6月26日。後楽園ホール。長州力引退試合。
午後5時20分。開場前のリング上は長州がマッサージを受け、ロープワークを確認していた。
リングサイドに足を運ぶと、西側の長椅子に武藤敬司が座っていた。昨年3月30日に両膝の人工関節設置手術を受け、1年3か月ぶりの復帰戦。35年のレスラー人生でこれほどの長期欠場はない。
武藤はじっとリングを見つめていた。
私があいさつすると、そこから6月8日にグレート・ムタで参戦したフィラデルフィアでの試合などひとしきり雑談になった。最後に「いよいよ今日、復帰ですが、どんな心境ですか」と率直に聞くと武藤は即答した。
「怖いよ」
そのシリアスな響きにどう返答していいのか戸惑いを覚え、次の問いが出てこなかった。デビュー直後からスター候補生として待遇され、わずか2年目で米国遠征を経験。凱旋帰国後は、アントニオ猪木、藤波辰爾らトップ選手に肩を並べるようにメインイベンターに抜擢。米国ではグレート・ムタとしてトップヒールを極め、日米のマット界で「天才」と評され、1995年10月9日の東京ドームでの高田延彦戦を頂点に平成のプロレスシーンで常にトップとしてリングを彩ってきた武藤敬司。日本プロレス史の中でも群を抜く経験と実績を積み重ねた男でも「怖い」と言わせるリング。「武藤さんほどのレスラーでも怖さがあるんですか」と聞くと「それはそうだよ。試合なんて何があるか分からないんだからさ」と武藤はつぶやいた。

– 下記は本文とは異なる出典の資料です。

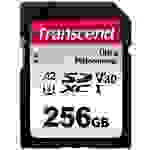 Transcend TS64GSDC340S SDXC-Karte 256GB A1 Application Performance Class, A2 Application Performance Class, v30 Video Speed Class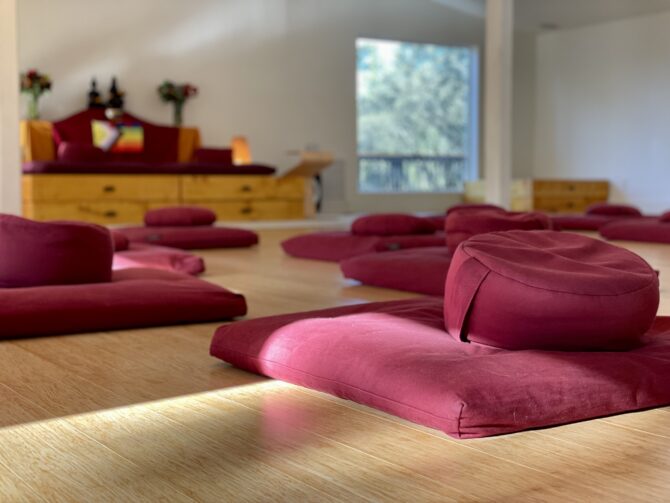 big bear retreat center meditation hall meditation retreat southern california
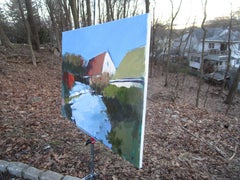 Melting Snow, Original Painting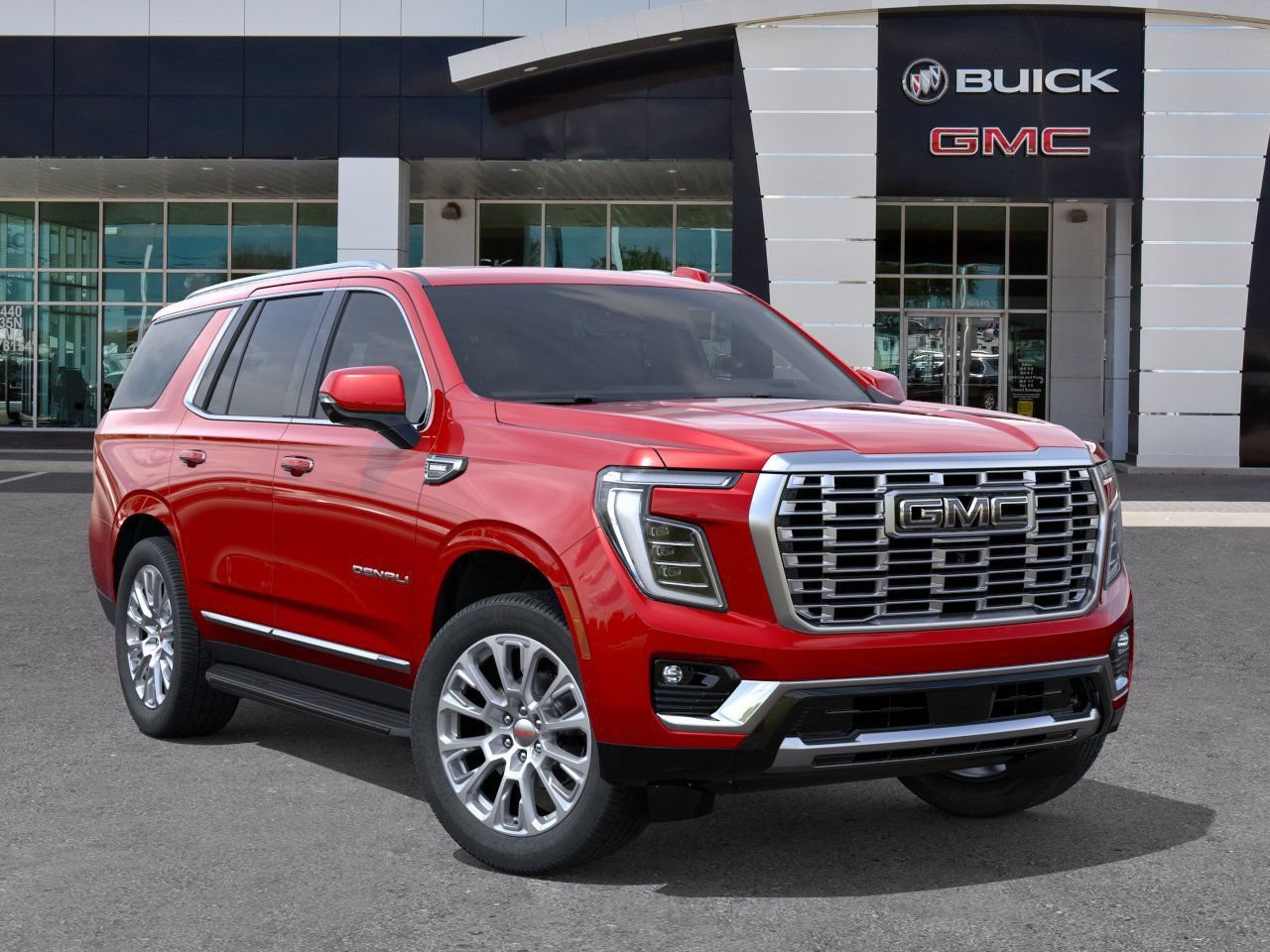 New 2027 GMC Yukon Denali w/ Advanced Technology Package AWD/4WD image 7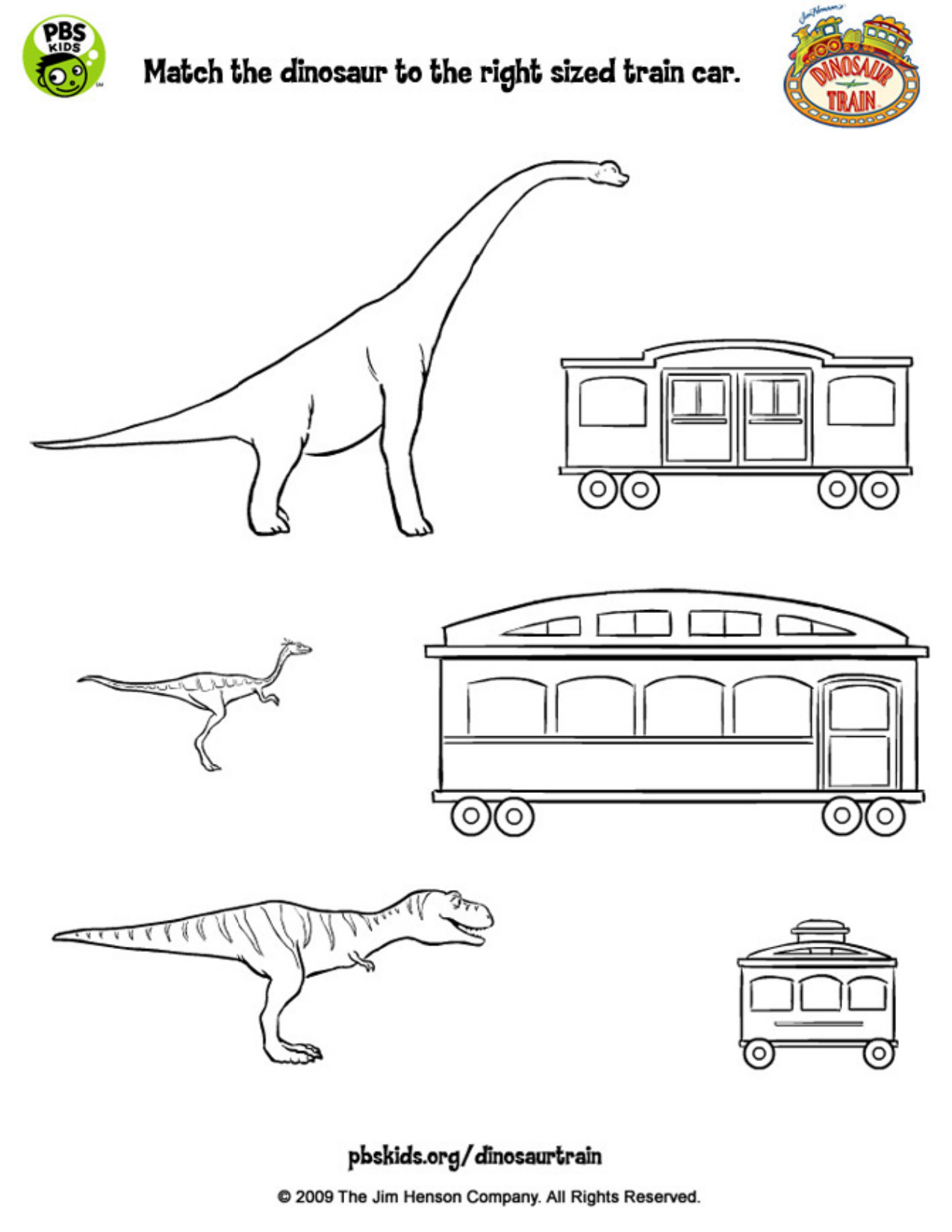 Dinosaur Car Coloring Pages coloring page preview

それはプロレスラーしか分からない感性。改めてプロレスというジャンルの奥深さを感じた。
思えば藤波辰爾も同じことを明かしていた。
「リングに上がる時は常に恐怖があるんです。今でもリングシューズに紐を通す時は武者震いがするんです」。
引退した長州は、昨年7月にリングから去ることを決断した時に「もう怖いんです」と胸の内を明かしていた。

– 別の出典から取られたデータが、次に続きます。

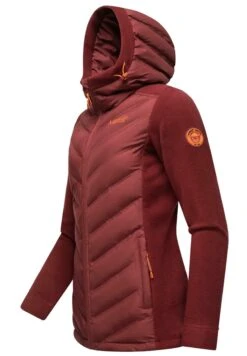 Marikoo Mount Haruna - Chaqueta De Entretiempo - Bordeaux -Marikoo b508c5bab4694dc892a0c415efb255c5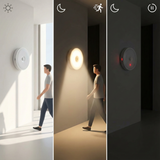 PIR Motion Sensor Night Light – Rechargeable & Magnetic (2 Pack)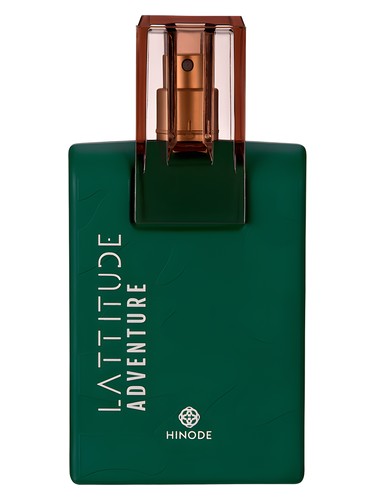 Hinode Lattitude Adventure fragrance bottle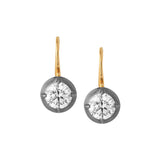Dorsey - LUCIEN LATCHBACK EARRINGS IN MOISSANITE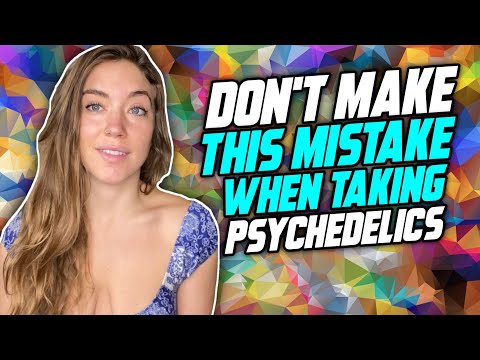 Don’t Make This Mistake When Taking Ayahuasca or Magic Mushrooms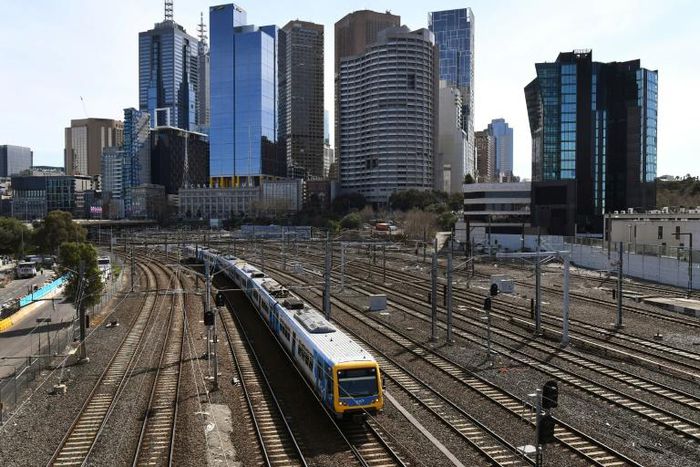 A lockdown of five million people in Melbourne has compounded the problems for the Australian economy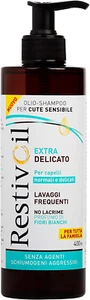 Restivoil Extra Delicato Shampoo Olio Idratante per Capelli Da Normali a Delicat - Foto 1 di 12
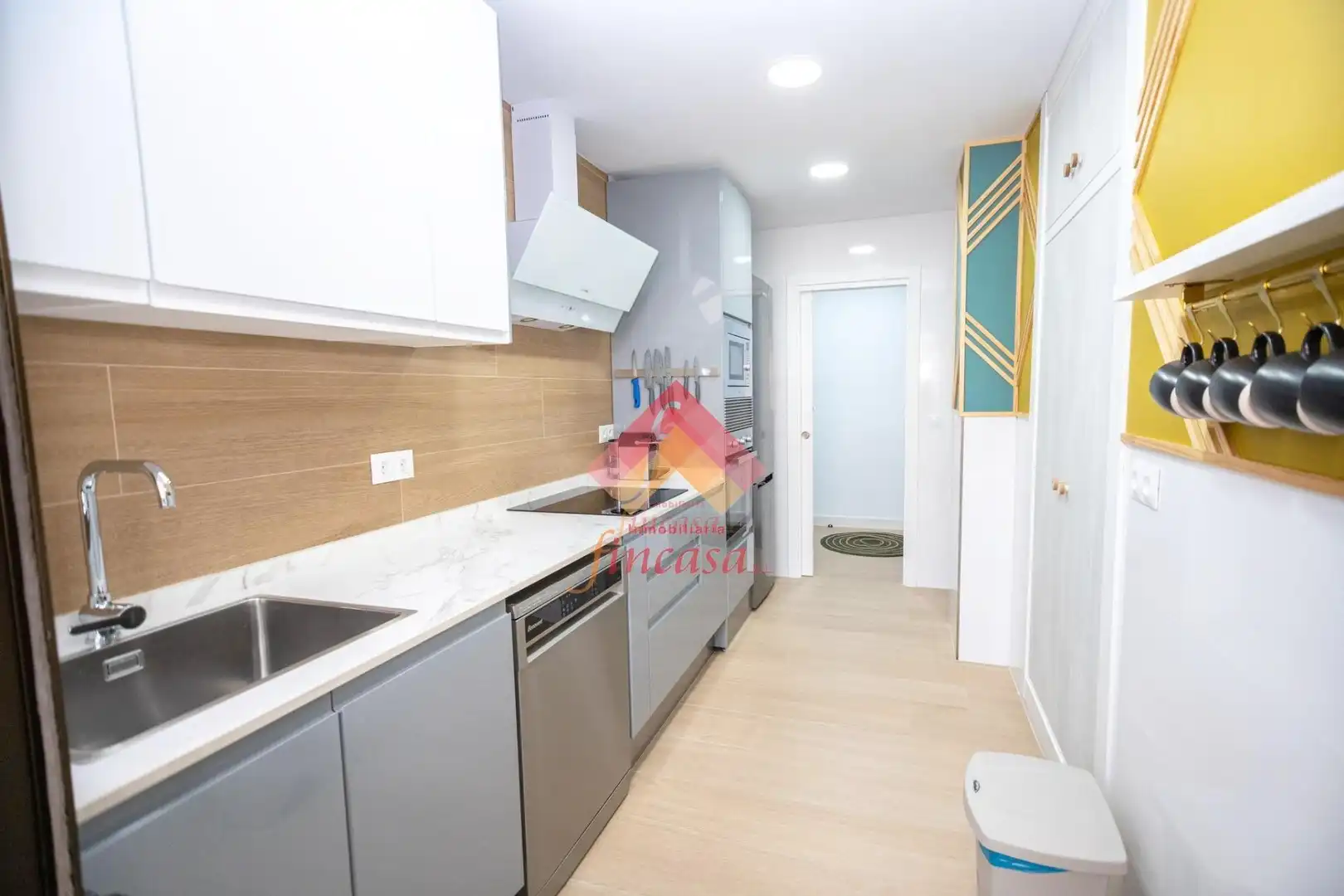 Kitchen of Flat for sale in Ronda  with Heating, Terrace and Furnished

レスラーは常に「怖さ」を背負ってリングに上がっている。それは己との戦いだろう。そしてリングに上がれば相手はもちろん、観客とも勝負する。その全ては「怖さ」を克服した末に辿り着いた領域なのだ。
「怖いよ」と吐露してから3時間後の午後8時26分。武藤は復帰戦のリングに上がった。フラッシングエルボー、STF、低空ドロップキック、足4の字固め、シャイニングウィザード…。胸の奥底にある「恐怖」など微塵も感じさせず、ファンの期待に見事に応え、1年3か月の空白を一気に埋めた。ただ、大喚声で沸く客席とは裏腹に「怖いよ」のつぶやきを聞いた私にとって、ひとつひとつの技に殺気と切実、そして魂を感じた。

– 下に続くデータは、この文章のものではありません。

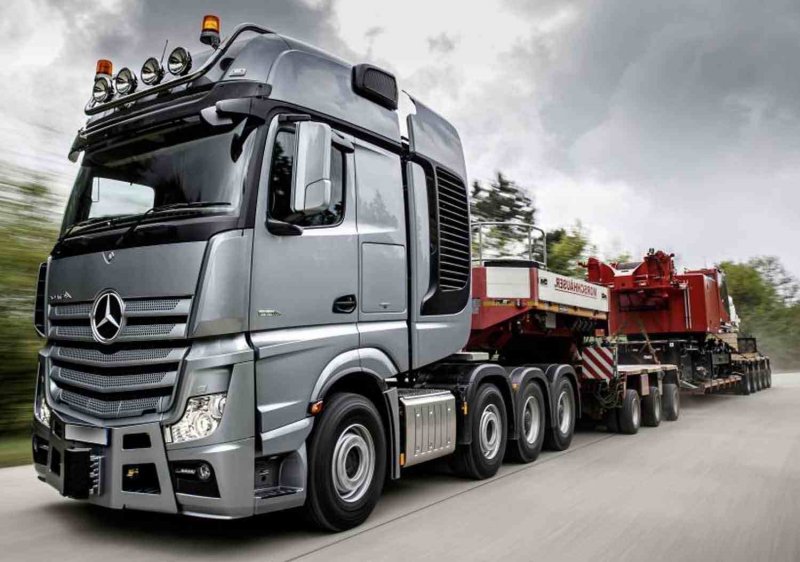 Mercedes Benz Actros 4163 SLT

私は5月10日に武藤の35年のプロレス人生を辿ったノンフィクション「さよならムーンサルトプレス」(イーストプレス刊)を上梓した。この本で武藤は、プロレスについてこう語った。
「プロレスはマインドを見せるものなんですよ」
そして、明かした。
「だからオレは自分の生き様を見せるよ。だから意味のない試合はしたくねぇんだ。これからはひとつひとつがオレにとってもファンの皆様にとっても思い入れを込めた試合にしたい」
長州が去ったリングで56歳の復帰を飾った武藤。逃げもせず隠れもせずむき出しの現実と戦い、そして生き様をリングに叩きつける。 (記者コラム・福留 崇広)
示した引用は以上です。